Galvão, da Transpetro, diz que a empresa pretende incrementar o combate ao crime este ano principalmente nas regiões metropolitanas do Rio e de São Paulo, que têm concentrado 90% dos casos. Além de vistorias e ações de inteligência para contribuir com as autoridades nos estados, o Pró-Duto também estuda iniciativas preventivas.
Uma delas é programa junto às comunidades no caminho dos dutos para ocupar as faixas na superfície com hortas comunitárias e outras atividades que possam envolver os moradores na segurança dessa infraestrutura e, ao mesmo tempo, gerar oportunidades de renda ou lazer.

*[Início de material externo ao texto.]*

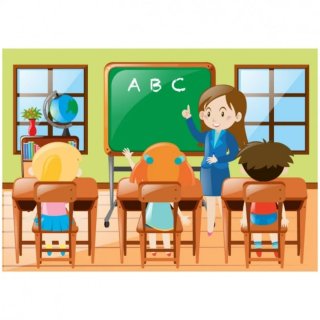 Clases particulares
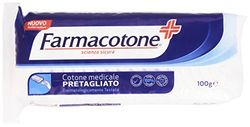 farmacotone Medical pre-cotton – 100 g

Após o recorde de 2018, furtos de combustíveis caíram pela primeira vez em cinco anos, mas aumentou a concentração em São Paulo
No fim de 2019, o número de casos em São Paulo disparou – Registros de roubo de combustíveis em São Paulo em 2019
Um dos produtos mais visados nos dutos da Transpetro é o petróleo bruto, que bandidos vendem para refinarias clandestinas. Também roubam gasolina e diesel para vender abaixo do preço dos postos.
As quadrilhas são divididas em subgrupos, cada um com uma função nas várias etapas da operação. Um grupo é especializado em escavar para alcançar o duto. Outro, em furar tubulações, manobra que nem sempre dá certo.

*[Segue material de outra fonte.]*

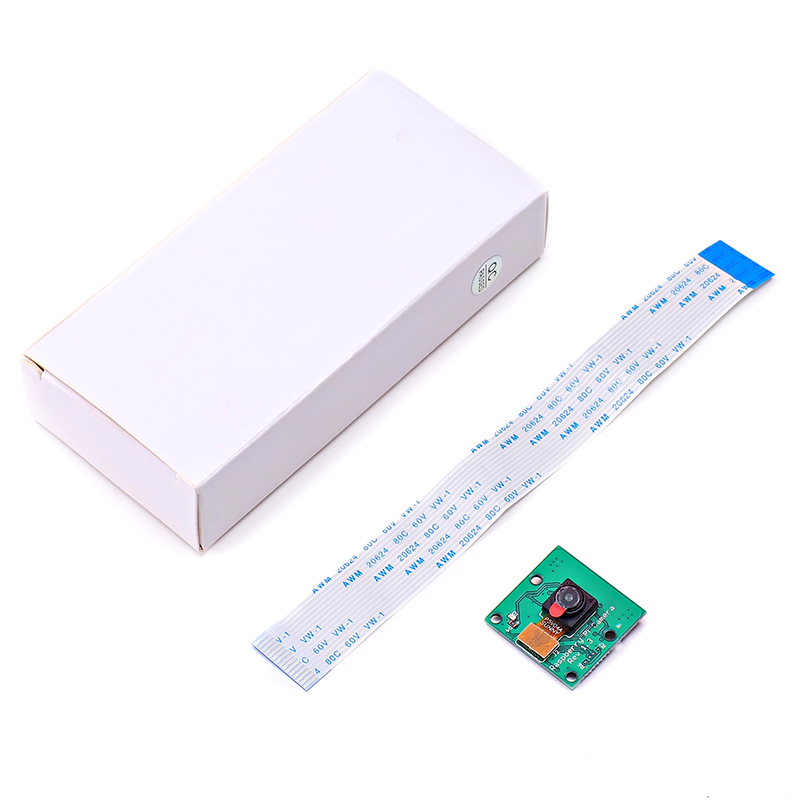 Raspberry Pi 3 modèle B + Modu - Turing Pi 2 avis et prix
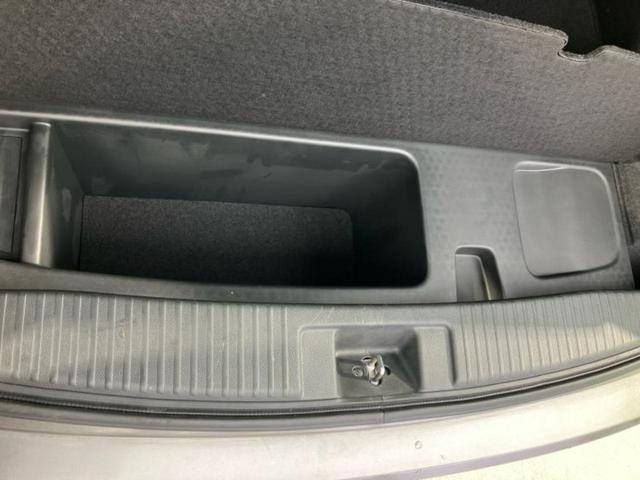 ネットで車を見ていてもイメージが湧かない・・・色々な会社や車がありすぎて何が良いのか分からない・・・そうお考えのお客様！ご相談のみでもＯＫです！ＷＥＣＡＲＳでは中古車購入の基本をお伝えします！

Os bandidos costumam agir durante a noite, geralmente em duplas. Após a escavação, levam equipamentos capazes de furar o duto e instalar uma válvula com uma braçadeira ou com solda. A técnica é chamada de “trepanar” e consiste na instalação de uma derivação clandestina na tubulação para desviar parte do fluido transportado pela rede.
Dias depois, também de madrugada, chega outra “equipe” em um caminhão-tanque. O carregamento é feito com uma mangueira ligada à válvula. Os combustíveis são levados em vasilhames sem qualquer segurança em vans e até em caminhões de transporte de refrigerantes.
Em seguida, entram em ação outros componentes da quadrilha, como o braço “comercializador” do grupo. Ele se encarrega de encontrar compradores para os combustíveis furtados, sem garantia de qualidade ou segurança. Quem compra comete o crime de receptação.
No Rio, a maior parte dos furtos acontece em áreas rurais, perto de comunidades que foram crescendo próximas às linhas de dutos. Em São Paulo, as ocorrências são mais comuns em áreas urbanas. Já foram encontrados até túneis abertos dentro de casas alugadas pelas quadrilhas que ficam em cima da rede da Petrobras.